_Data below:_
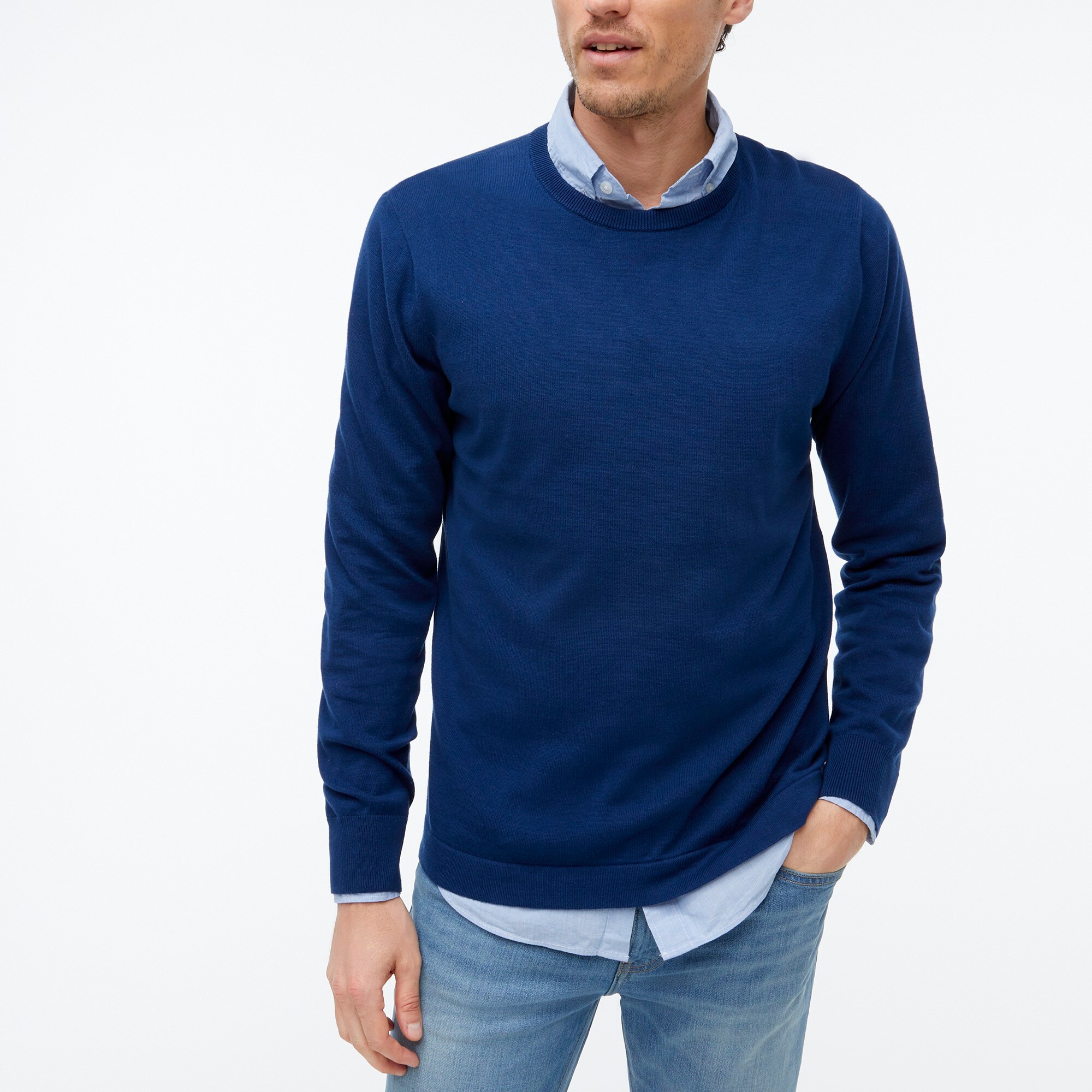 Cotton crewneck sweater-tee - image 4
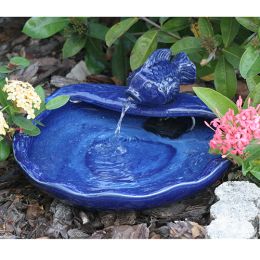Ceramic Solar Koi Fountain Blue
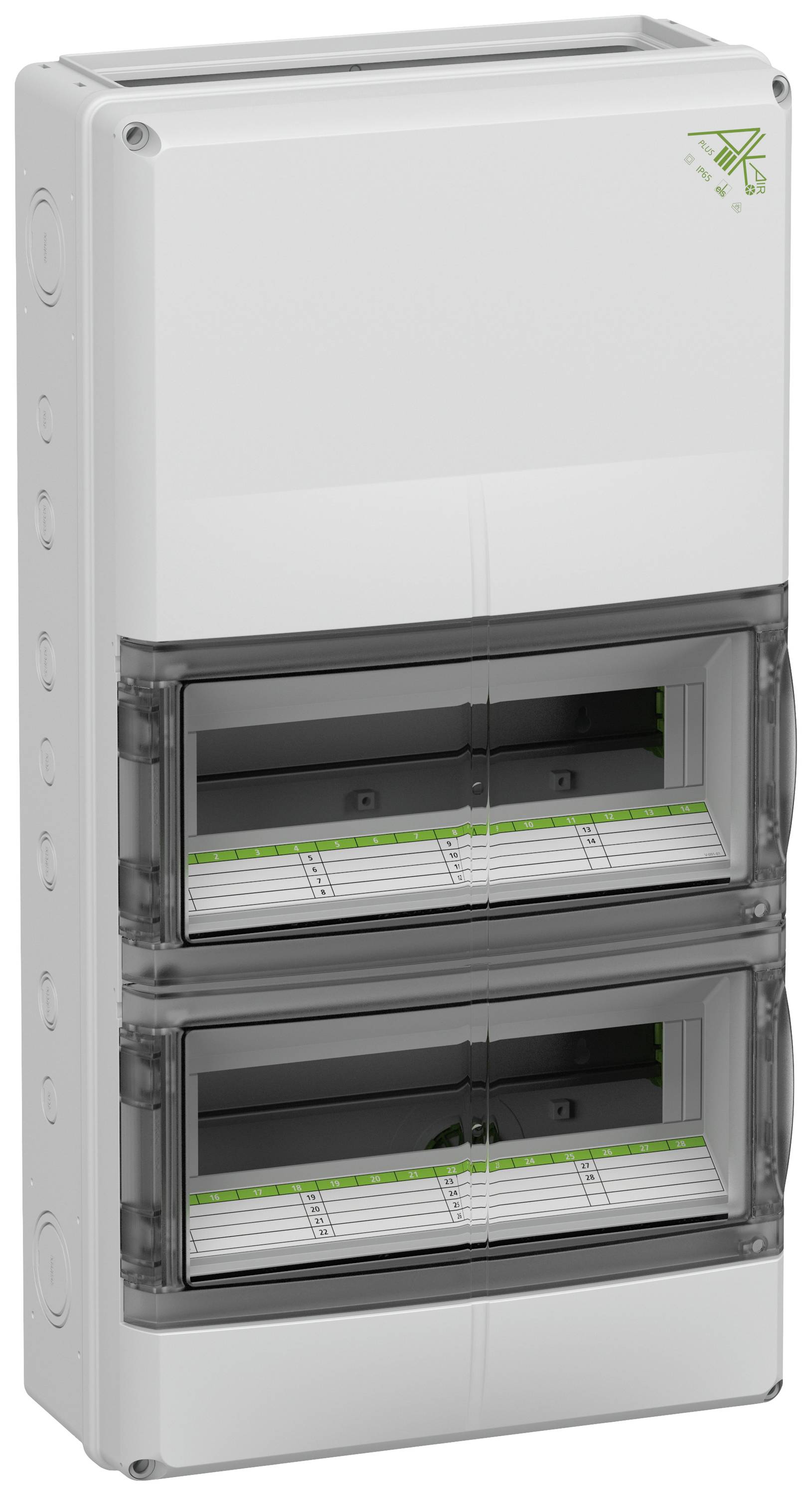 Elektrischer Verteilerkasten mit zwei transparenten Klappfenstern. Im Inneren befinden sich Trägerleisten für elektrische Komponenten.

_Requirement:_ All that should be printed is the lines from the one containing "Ceramic Solar Koi Fountain Blue" through the last line of the material above, both ends included, exactly as they stand; please skip the pictures.

_Written solution:_
Ceramic Solar Koi Fountain Blue
 Elektrischer Verteilerkasten mit zwei transparenten Klappfenstern. Im Inneren befinden sich Trägerleisten für elektrische Komponenten.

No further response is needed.